This is a very interesting question. I believe it is getting a lot of up-votes from people who have wondered the same thing and don't know where to begin, whereas you have at least laid out a reasonable-sounding plan. I commend you for that. However, it is not clear to me what you're trying to learn by posting this question. In my opinion, the plan you laid out seems like a reasonable start but, by itself, will not lead you to a profitable trading strategy. That is just my opinion, is there something else you'd like to know? The rest of my answer consists of further comments.
If you haven't already, I recommend you read Ernest Chan's Quantitative Trading. He devotes an entire chapter to "Fishing for Ideas: Where can we find good strategies?" I should mention, however, that he is skeptical of your bias towards machine learning:
At the risk of oversimplification, we can characterize artificial intelligence
(AI) as trying to fit past data points into a function with many, many parameters.
This is the case for some of the favorite tools of AI: neural networks,
decision trees, and genetic algorithms. With many parameters, we can for sure
capture small patterns that no human can see. But do these patterns persist?

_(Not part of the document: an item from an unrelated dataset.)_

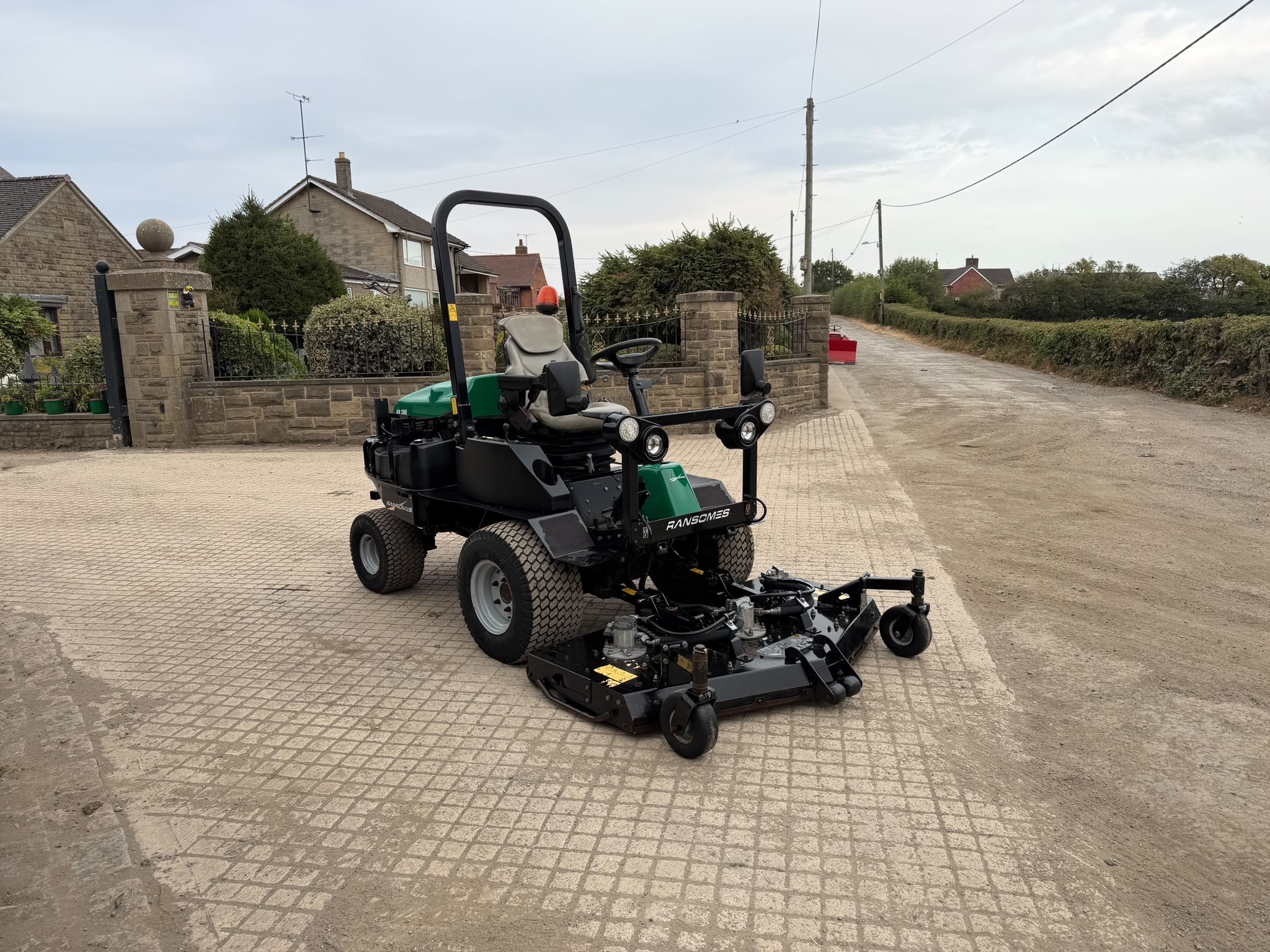 2017 RANSOMES HR300 4WD OUTFRONT RIDE ON MOWER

Or are they random noises that will never replay again? Experts in AI assure
us that they have many safeguards against fitting the function to transient
noise. And indeed, such tools have been very effective in consumer marketing
and credit card fraud detection. Apparently, the patterns of consumers and
thefts are quite consistent over time, allowing such AI algorithms to work even
with a large number of parameters. However, from my experience, these safeguards
work far less well in financial markets prediction, and overfitting to
the noise in historical data remains a rampant problem. As a matter of fact,
I have built financial predictive models based on many of these AI algorithms in
the past. Every time a carefully constructed model that seems to work marvels
in backtest came up, they inevitably performed miserably going forward. The
main reason for this seems to be that the amount of statistically independent
financial data is far more limited compared to the billions of independent consumer
and credit transactions available. (You may think that there is a lot of tickby-
tick financial data to mine, but such data is serially correlated and far from
independent.)
The primary reason I believe your plan is incomplete is that you haven't demonstrated an edge. All the techniques you mention, machine learning, inhomogeneous time series, wavelets, are not new. If you can demonstrate a novel yet useful way of combining these methods, then maybe you have something. But be aware that there is huge competition in FX and index equity futures, and it is extremely unlikely that no one has tried something along the lines of what you are trying.
Also, just because you think you know a market best does not make it the best market for you. For that, I point you once again towards Chan's book. He points out that your strategy should match your
- working hours
- programming skills
- trading capital
- personal goals
Think carefully about each of these. Note that prior knowledge of a given market is not on the list. That can be picked up relatively easily. In fact, given that you already mention you have a small account, I really see no reason for you to be in such liquid markets, particularly as getting the sort of ultra-low latency to beat other market participants in a market-making type strategy will take an investment of many $100k.